◆ Required work
With both ends included, repeat exactly the lines of the entries below from the one containing "doctor examines an x-ray on a monitor" down to the one containing "Can Tattoo Removal", and no others.

◆ Dataset content
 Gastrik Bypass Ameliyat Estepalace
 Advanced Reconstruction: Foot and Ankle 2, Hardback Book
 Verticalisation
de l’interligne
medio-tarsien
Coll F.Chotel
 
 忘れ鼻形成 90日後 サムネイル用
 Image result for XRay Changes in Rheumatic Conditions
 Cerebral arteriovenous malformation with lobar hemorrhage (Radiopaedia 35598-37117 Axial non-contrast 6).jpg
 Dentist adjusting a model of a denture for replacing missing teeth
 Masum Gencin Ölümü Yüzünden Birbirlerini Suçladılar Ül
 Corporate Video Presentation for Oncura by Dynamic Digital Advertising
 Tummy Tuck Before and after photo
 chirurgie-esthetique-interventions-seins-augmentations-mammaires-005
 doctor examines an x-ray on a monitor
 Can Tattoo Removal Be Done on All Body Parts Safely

--

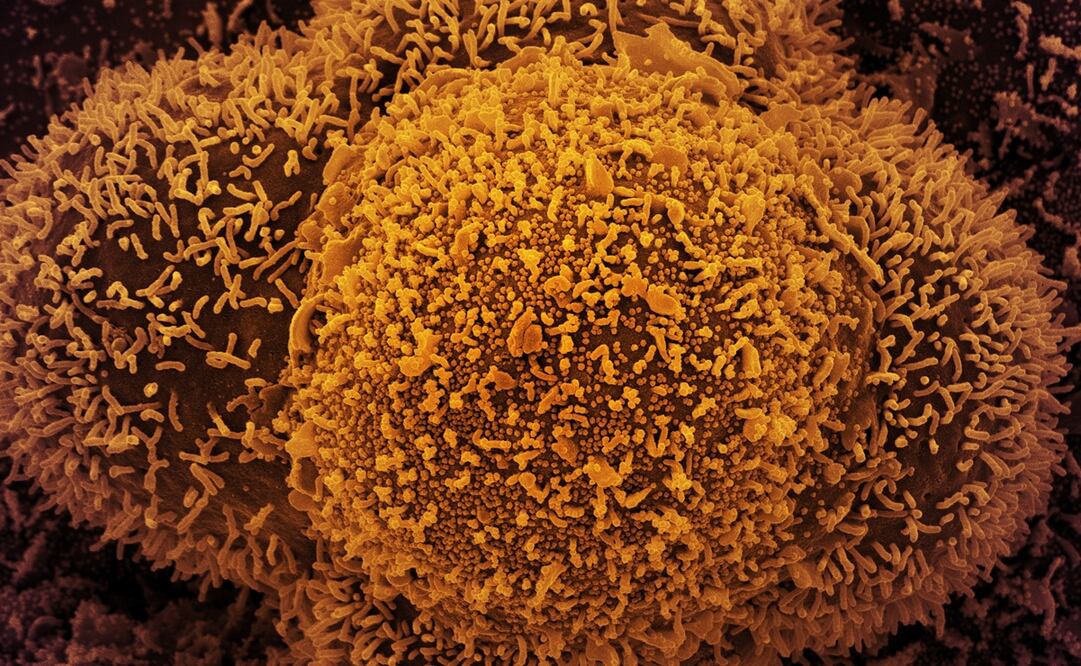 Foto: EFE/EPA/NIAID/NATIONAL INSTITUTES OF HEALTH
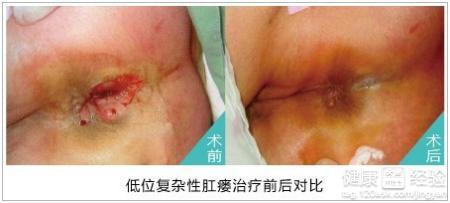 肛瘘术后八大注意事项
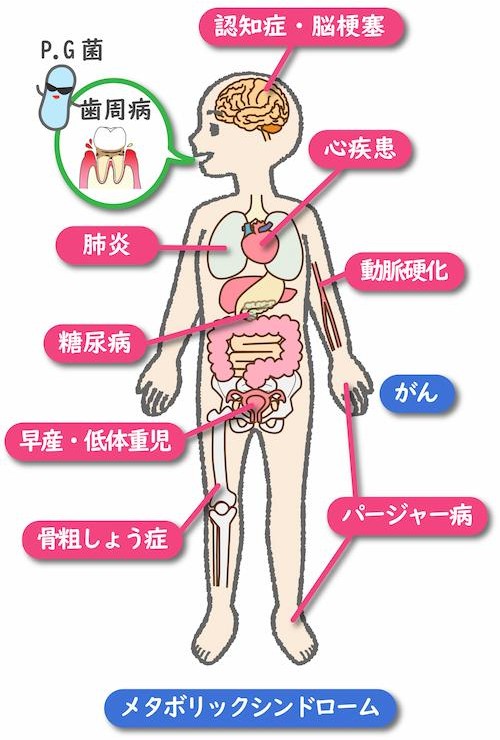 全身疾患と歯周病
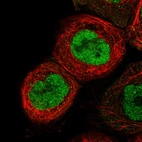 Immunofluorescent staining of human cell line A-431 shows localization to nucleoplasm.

◆ Exercise response
 doctor examines an x-ray on a monitor
 Can Tattoo Removal Be Done on All Body Parts Safely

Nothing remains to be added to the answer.